Los vascos y la independencia

CON respecto al País Vasco acertamos en una cosa y nos equivocamos en otra. Acertamos en que el Estado democrático derrotaría finalmente al terrorismo si era capaz de enfrentarlo con determinación y unidad. Erramos al creer que, liberado del azote terrorista, el nacionalismo alcanzaría tal pujanza que, reunificado sin el trauma de la violencia, se acercaría a su objetivo último de independencia y secesión.

Esto último no se ha producido.
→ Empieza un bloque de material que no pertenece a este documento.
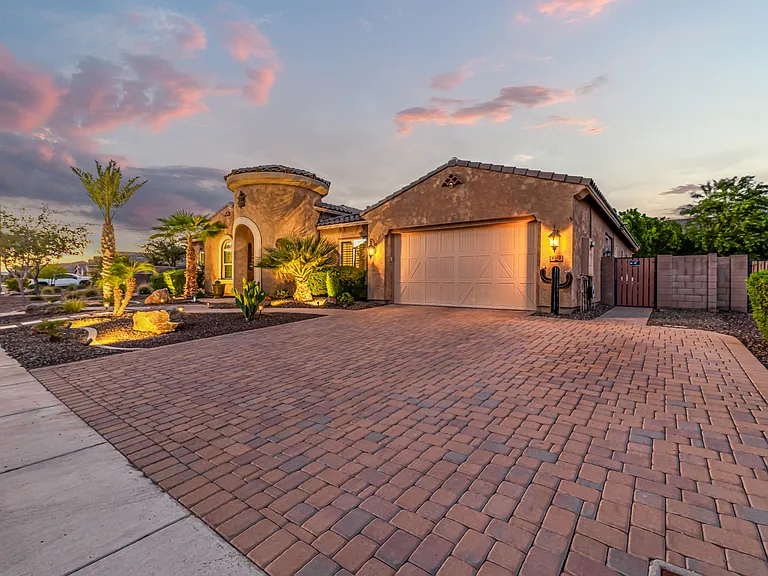 9362 W Sands Dr — Photo 2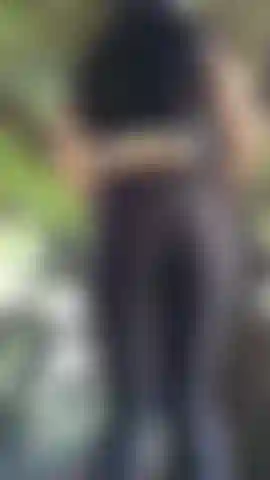 Look at my ASSHOLE while I'm in the park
Todo lo contrario. El Partido Nacionalista Vasco se ha hecho con el poder de los ayuntamientos de las tres capitales y con las tres diputaciones forales, pero eso no se ha traducido en un recrudecimiento de la pulsión separatista. No hay ocasión solemne en que sus dirigentes no reivindiquen la realidad nacional de Euskadi, ciertamente. Sin embargo, no cesan de atemperar sus exigencias y moderar su política. Su pragmatismo contrasta con el salto al vacío del nacionalismo catalán, pragmático por excelencia durante treinta años.

La reconversión no es caprichosa ni producto del azar. Deriva del cambio experimentado por la sociedad vasca, normalizada tras el final de ETA. Despojados del chantaje etarra y su devastador efecto en la moral colectiva, los vascos se descubren a sí mismos como un pueblo desarrollado, moderadamente satisfecho con su nivel de vida, en el que se mantiene sin dramatismo la división a partes iguales entre nacionalistas y no nacionalistas y consciente de que disfruta de una financiación privilegiada por motivos históricos.

Lo dice y lo repite cada Euskobarómetro de la Universidad del País Vasco. El último, conocido el viernes pasado, indica que el 30% de los ciudadanos manifiestan "grandes deseos" de independencia y el 29% "ninguno", un 27% cree que viviría mejor en una Euskadi independiente y un 29% que viviría peor y, en consecuencia, prefiere continuar con la autonomía (35%), antes que en un sistema federal (29%) y en un Estado separado de España (25%). El PNV, que es hegemónico porque está mejor enraizado que ningún otro partido en el tejido social vasco y sintoniza con los anhelos populares más profundos, ha tomado nota y actúa en consecuencia. Quizás le gustaría ir más lejos, pero sabe que no hay masa crítica para avanzar hacia un objetivo último que no oculta.

Si Artur Mas fuera inteligente, en vez de astuto, miraría hacia el oeste. Claro que ya es demasiado tarde para la lucidez.